That’s why I like Frank Field’s idea of greater co-location of local authority, welfare, housing and NHS services, and registering births, within Children’s Centres – ensuring that there is a reason for every new parent to come through the front door, meeting staff and seeing what they could get out of their local Centre. 

To be honest I think we could do even better than that, and say there should be a reason for expectant parents to go to their local centre to access prenatal services, both so that they can see what is on offer there, and so that staff can suggest any sources of help or support they may need before or after birth, such as financial or mental health support.

Coming back to why we need to do this, there are two clear reasons why the Government should focus on prevention and early intervention:

…because they have a moral duty to improve the life chances of the most vulnerable children…

…and because we want to build a stronger and more sustainable economy for the future.

We know that a poor first couple of years – and by poor I’m referring to the quality of relationships and experiences, but we should never forget the role that poverty can play in this – can have a significant impact on a child’s outcomes in later life….

…they’re more likely to have health problems…

…more likely to have language delay and communication problems…
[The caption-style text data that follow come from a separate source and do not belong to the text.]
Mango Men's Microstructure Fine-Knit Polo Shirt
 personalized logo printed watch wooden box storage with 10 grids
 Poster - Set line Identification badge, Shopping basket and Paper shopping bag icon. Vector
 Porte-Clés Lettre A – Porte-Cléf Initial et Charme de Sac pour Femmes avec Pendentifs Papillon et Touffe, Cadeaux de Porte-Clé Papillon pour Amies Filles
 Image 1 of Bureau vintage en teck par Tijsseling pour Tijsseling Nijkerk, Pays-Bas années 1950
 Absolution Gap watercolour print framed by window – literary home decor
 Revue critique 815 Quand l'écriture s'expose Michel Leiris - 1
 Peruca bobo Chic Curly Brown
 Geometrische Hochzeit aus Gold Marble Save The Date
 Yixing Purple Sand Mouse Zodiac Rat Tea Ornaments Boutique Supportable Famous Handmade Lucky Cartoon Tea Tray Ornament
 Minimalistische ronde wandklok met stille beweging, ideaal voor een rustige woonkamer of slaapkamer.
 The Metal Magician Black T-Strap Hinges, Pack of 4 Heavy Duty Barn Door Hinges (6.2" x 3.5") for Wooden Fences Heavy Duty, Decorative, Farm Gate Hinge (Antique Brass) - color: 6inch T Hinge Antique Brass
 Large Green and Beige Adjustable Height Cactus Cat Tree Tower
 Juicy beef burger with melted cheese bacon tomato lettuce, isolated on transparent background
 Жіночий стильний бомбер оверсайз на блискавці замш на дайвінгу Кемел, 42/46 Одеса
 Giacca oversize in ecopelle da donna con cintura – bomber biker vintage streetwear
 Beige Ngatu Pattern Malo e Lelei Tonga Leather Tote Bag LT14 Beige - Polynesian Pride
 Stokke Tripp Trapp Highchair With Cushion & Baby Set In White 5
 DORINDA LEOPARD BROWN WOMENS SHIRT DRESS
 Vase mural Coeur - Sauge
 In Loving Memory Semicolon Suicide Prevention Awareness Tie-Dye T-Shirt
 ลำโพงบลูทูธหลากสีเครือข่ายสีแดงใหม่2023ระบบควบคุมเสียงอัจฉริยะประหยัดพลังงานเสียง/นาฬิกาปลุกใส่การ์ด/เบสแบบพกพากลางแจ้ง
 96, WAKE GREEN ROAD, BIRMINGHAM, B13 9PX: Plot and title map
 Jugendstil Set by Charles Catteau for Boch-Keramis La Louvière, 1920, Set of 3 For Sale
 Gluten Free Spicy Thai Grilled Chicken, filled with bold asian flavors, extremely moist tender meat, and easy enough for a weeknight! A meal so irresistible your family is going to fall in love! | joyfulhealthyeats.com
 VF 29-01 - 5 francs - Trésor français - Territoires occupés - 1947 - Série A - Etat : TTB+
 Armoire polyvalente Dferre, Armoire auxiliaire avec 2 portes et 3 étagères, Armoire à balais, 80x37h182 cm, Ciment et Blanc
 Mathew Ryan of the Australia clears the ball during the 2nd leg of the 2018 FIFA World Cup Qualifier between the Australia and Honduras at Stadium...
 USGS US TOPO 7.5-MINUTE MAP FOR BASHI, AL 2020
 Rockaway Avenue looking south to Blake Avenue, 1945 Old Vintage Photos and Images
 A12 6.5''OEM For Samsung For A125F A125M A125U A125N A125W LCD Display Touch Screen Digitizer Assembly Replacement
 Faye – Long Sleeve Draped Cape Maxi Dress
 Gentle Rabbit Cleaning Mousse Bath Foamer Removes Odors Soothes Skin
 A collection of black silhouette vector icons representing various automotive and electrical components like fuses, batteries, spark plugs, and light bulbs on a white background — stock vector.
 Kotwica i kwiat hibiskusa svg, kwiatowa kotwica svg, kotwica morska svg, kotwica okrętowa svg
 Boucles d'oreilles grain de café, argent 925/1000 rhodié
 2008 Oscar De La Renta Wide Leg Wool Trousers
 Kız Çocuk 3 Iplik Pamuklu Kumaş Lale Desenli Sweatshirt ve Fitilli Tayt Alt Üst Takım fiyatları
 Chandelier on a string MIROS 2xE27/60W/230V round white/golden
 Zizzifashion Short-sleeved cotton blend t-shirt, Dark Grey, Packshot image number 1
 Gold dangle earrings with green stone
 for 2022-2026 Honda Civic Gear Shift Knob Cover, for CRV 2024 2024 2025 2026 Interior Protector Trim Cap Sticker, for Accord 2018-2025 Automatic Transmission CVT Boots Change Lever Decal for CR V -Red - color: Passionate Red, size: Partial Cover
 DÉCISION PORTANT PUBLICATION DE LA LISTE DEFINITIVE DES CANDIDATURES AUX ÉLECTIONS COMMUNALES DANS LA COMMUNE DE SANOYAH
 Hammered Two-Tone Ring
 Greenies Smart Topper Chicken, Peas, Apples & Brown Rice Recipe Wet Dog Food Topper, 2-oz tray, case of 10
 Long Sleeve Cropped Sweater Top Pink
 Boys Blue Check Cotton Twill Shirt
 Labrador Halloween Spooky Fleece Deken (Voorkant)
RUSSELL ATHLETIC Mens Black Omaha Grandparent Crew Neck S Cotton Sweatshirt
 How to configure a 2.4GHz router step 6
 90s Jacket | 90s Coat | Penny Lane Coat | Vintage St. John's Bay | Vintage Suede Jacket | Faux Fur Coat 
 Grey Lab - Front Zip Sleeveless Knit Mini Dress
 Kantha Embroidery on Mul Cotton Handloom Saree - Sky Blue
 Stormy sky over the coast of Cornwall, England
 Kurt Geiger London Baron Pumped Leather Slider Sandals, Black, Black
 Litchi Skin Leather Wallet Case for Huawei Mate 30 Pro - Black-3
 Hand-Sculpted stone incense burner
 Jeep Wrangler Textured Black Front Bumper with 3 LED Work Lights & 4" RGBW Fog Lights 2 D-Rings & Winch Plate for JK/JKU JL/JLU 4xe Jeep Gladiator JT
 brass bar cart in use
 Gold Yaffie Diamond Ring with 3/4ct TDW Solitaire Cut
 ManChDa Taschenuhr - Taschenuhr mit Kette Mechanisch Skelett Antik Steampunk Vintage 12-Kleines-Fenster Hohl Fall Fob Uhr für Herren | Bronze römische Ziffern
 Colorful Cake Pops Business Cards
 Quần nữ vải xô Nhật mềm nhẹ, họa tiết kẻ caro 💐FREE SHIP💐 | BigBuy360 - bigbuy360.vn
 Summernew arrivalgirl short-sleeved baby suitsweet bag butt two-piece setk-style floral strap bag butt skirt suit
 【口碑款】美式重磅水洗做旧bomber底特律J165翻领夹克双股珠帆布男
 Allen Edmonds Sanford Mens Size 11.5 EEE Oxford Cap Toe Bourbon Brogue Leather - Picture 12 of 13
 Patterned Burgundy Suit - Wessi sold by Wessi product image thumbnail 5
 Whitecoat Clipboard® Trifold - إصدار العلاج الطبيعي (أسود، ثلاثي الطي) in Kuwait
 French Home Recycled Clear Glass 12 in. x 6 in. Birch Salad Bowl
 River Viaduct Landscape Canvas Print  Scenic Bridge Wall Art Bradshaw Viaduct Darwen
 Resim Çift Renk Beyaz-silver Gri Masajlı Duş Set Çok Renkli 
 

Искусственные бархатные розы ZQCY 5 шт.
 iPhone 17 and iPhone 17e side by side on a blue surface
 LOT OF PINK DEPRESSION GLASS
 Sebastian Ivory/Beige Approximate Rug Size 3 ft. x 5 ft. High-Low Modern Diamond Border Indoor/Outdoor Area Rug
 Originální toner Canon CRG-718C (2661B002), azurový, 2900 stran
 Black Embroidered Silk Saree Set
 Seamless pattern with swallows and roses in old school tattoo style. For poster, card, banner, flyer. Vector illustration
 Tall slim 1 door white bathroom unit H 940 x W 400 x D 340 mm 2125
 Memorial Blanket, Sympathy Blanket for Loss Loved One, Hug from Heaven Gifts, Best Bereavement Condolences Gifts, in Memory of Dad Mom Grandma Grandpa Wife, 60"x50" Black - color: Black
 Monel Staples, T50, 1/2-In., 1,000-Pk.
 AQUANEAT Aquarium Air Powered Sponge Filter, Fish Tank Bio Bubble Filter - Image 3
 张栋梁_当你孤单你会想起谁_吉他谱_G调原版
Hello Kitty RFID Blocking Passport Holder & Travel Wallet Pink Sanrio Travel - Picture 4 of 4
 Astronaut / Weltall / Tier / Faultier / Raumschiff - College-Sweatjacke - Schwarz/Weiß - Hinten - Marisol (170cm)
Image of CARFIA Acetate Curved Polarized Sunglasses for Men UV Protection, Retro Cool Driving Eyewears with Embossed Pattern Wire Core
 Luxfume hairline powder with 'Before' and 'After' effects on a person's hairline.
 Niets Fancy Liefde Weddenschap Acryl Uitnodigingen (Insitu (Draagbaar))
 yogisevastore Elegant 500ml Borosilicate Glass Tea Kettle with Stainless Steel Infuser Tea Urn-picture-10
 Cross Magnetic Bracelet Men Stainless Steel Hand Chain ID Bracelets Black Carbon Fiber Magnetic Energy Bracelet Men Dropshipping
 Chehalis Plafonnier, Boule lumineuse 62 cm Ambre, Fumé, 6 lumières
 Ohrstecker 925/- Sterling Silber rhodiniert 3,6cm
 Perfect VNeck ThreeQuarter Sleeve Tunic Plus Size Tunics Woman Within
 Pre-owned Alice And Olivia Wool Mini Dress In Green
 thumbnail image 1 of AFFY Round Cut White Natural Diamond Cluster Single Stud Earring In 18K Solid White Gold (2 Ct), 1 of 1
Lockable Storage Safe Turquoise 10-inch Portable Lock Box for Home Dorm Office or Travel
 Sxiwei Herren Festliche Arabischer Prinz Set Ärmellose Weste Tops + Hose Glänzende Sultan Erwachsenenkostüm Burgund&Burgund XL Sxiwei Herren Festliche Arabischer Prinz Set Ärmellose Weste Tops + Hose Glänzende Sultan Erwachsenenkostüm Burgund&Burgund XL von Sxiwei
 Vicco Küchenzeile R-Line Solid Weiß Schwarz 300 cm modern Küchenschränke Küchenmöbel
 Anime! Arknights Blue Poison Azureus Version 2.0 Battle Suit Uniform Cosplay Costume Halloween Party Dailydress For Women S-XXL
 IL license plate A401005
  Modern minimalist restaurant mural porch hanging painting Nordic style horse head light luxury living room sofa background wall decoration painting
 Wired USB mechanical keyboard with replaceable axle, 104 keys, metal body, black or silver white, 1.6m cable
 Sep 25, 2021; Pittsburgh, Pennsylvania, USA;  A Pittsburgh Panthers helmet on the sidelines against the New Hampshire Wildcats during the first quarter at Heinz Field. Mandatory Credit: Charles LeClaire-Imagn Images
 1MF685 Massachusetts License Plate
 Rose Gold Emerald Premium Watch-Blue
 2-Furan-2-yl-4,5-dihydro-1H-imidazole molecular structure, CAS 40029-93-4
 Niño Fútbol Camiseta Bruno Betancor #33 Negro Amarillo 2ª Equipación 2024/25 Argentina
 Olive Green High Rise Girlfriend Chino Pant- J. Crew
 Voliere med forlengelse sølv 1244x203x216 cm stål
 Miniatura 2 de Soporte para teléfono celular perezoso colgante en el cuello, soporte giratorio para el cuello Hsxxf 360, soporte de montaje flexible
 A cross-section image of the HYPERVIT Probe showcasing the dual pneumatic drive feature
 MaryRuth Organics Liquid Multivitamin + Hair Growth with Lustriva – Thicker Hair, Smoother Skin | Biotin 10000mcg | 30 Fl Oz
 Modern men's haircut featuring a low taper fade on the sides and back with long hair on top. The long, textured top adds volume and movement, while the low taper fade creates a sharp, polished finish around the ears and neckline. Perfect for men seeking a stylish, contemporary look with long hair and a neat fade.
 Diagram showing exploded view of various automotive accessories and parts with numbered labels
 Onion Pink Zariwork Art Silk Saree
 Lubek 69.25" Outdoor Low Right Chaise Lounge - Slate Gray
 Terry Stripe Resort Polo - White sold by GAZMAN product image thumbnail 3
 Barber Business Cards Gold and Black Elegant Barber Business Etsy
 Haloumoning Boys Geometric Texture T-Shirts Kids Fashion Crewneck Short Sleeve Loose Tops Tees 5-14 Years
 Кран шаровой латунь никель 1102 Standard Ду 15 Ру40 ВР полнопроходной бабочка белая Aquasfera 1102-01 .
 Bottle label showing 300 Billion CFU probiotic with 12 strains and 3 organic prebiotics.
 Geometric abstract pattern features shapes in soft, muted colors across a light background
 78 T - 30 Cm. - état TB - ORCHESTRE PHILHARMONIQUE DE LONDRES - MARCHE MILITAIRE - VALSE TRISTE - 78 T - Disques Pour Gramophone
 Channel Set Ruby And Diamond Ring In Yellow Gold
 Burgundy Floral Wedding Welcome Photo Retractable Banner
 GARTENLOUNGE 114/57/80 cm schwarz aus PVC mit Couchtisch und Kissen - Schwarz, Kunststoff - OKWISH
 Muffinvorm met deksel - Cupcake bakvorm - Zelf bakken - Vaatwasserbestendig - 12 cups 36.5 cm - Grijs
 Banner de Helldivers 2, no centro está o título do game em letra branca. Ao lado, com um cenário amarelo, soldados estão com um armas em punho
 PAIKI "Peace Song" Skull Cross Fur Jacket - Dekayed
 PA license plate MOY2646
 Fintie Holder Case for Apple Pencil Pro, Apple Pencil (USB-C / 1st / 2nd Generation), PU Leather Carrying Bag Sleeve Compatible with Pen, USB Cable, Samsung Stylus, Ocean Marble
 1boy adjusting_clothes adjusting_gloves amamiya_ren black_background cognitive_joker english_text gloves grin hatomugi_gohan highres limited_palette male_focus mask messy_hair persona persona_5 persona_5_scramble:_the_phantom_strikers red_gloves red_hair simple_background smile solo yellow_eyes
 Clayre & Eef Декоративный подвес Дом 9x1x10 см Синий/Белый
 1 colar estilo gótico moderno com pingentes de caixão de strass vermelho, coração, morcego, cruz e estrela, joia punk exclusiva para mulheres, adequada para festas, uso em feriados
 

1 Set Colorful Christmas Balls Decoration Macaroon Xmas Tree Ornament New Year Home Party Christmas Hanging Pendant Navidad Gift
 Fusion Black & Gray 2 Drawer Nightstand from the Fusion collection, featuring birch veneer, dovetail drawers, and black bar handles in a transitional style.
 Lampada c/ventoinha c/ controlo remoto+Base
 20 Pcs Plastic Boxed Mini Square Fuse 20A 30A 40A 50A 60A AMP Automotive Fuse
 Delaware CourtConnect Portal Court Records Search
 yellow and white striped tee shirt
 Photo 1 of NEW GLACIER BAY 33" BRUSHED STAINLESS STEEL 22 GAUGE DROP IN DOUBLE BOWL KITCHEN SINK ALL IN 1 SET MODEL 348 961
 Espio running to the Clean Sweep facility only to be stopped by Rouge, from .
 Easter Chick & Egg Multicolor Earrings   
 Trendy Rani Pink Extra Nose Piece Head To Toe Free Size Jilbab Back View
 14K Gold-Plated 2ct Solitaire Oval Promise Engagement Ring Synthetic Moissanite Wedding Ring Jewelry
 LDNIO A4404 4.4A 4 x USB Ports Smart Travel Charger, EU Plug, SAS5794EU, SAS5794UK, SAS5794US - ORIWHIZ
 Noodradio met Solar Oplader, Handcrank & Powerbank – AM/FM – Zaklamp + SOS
…more likely to be behind when they start school, and stay behind throughout…

…more likely to engage in risky behaviours, such as violence, drinking, underage sex, drug use etc…

…more likely to end up going through the criminal justice or care system, and less likely to gain good qualifications and go on to further or higher education…

…and therefore more likely to be unable to hold down meaningful relationships or jobs.

We then come full circle, because those individuals are then less likely to be able to provide the kind of secure attachment that their children need to have a better chance at life than they did.

The human side of all that is bad enough, but there’s also the cost to the government, and therefore to everybody else, of all that support that they will need throughout their life.

The moral and the financial imperatives for investing in prevention and the earliest of early interventions are therefore one and the same. 

Investing in early intervention has been proven time and time again to deliver financial and social returns – sometimes huge - which benefit the whole of society.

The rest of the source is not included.